NASHVILLE, Tenn. (WTVF) — A musicians group is trying to pass legislation giving local governments control of smoking laws in order to have smoke-free bars and venues.
Musicians for a Smoke-Free Tennessee is bringing the legislation and trying to convince lawmakers it's a good idea. Their argument is bars and music venues are the only places without workplace protections against tobacco smoke.
"The main problem with it is that we as musicians and bar workers are essentially the only demographic of Tennesseans left that aren't protected by a safe and smoke-free workplace guarantee," said Jamie Kent, Chair of Musicians for a Smoke-Free Tennessee.
"If you think about it, just about every single other business in the state is smoke-free inside but bars and some music venues."
Kent went on to explain that many musicians are not as established as major artists and can't always pick and choose the venues in which they play.

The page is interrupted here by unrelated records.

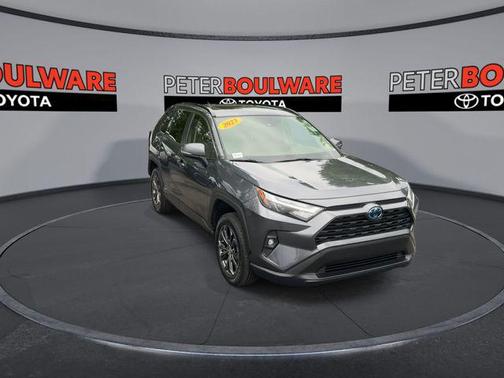 2023 Toyota RAV4 Hybrid XLE Premium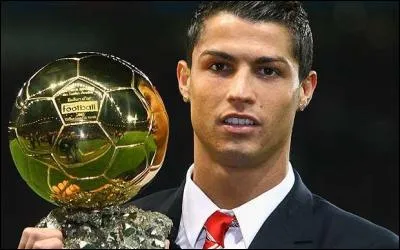 Combien de fois Cristiano Ronaldo a-t-il gagn&eacute; le Ballon d'Or ?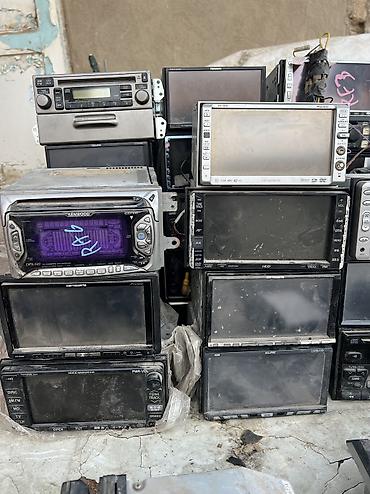 Магнитолы: Б/у, 2-DIN — 6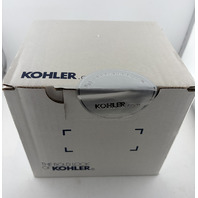 KOHLER ARTIFACTS HYDRORAIL 1.75 GPM SINGLE FUNCTION SHOWERHEAD 76472-G-CP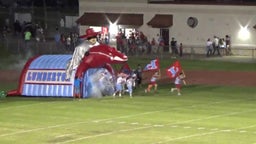 Lumberton football highlights Silsbee High School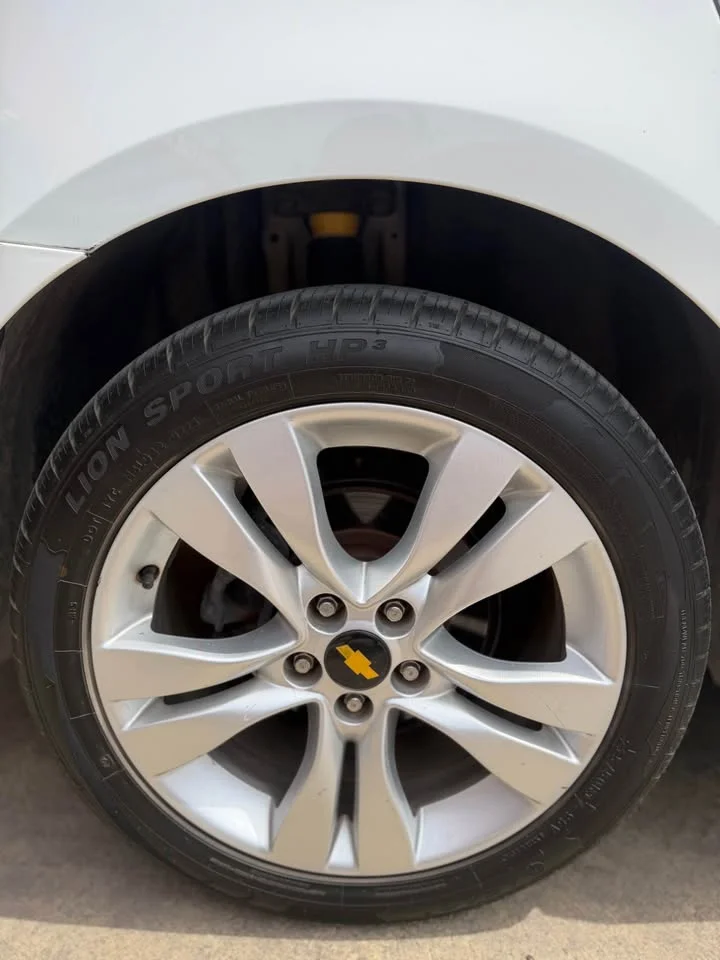 2014 Chevrolet Cruze I 3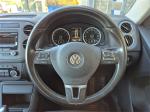 2012 Volkswagen Tiguan Wagon 132TSI Pacific 5N MY12.5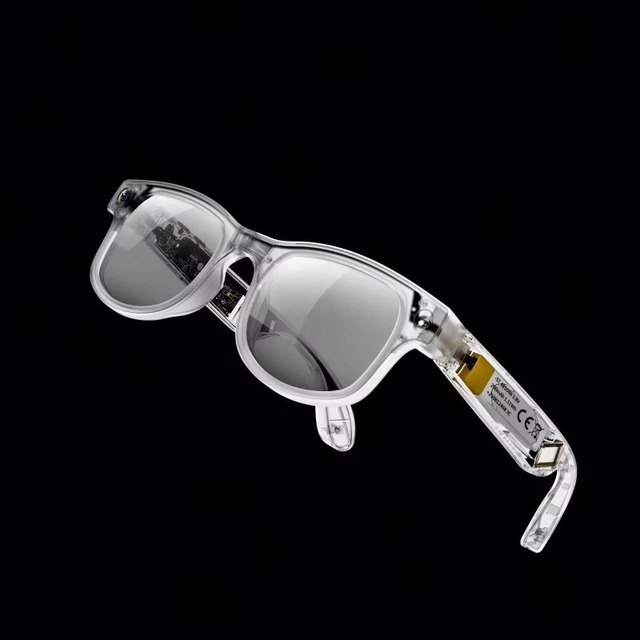 AI Smart Sunglasses AIMB-G2 8-Megapixel Camera 3 in 1 Lenses Anti-Blue Light 1200P 290Mah Wifi Anti-Shake ChatGPT Smart Glasses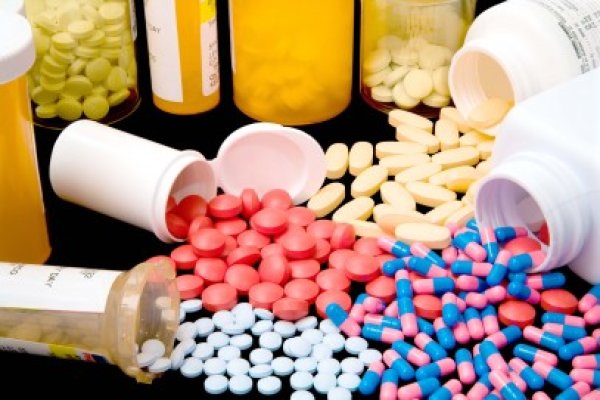 Producătorii de medicamente se vindecă prin exporturi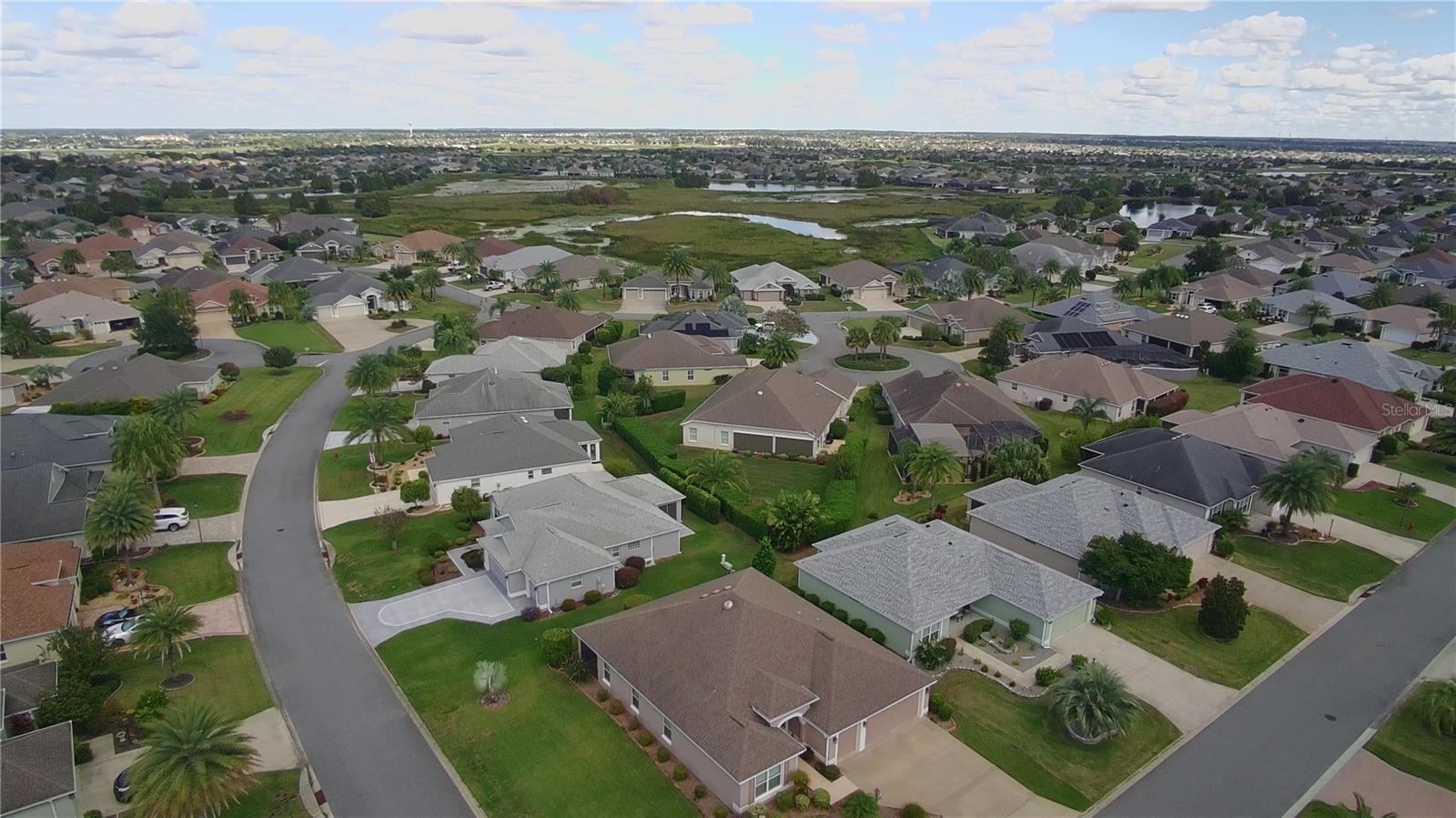 THE VILLAGES - Residential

"Working-class artists like myself who depend on playing three hours a night as many nights a week as we can, we need that money to pay rent, we need that money to put food on the table [and] we need that money to pay for kids school supplies," said Kent.
Some bars and venues have already signed onto the idea. One owner of The 5 Spot in East Nashville said he learned going smoke-free was good for business.
"Back in 2014, we actually made the transition from smoking to non-smoking, fully anticipating that there might be some blowback, a decrease in sales and we saw the exact opposite," said Travis Collinsworth. "I was tired of coming home every night and smelling like an ashtray."
Kent said he's approached many legislators who are in the committees which will soon hear the bill.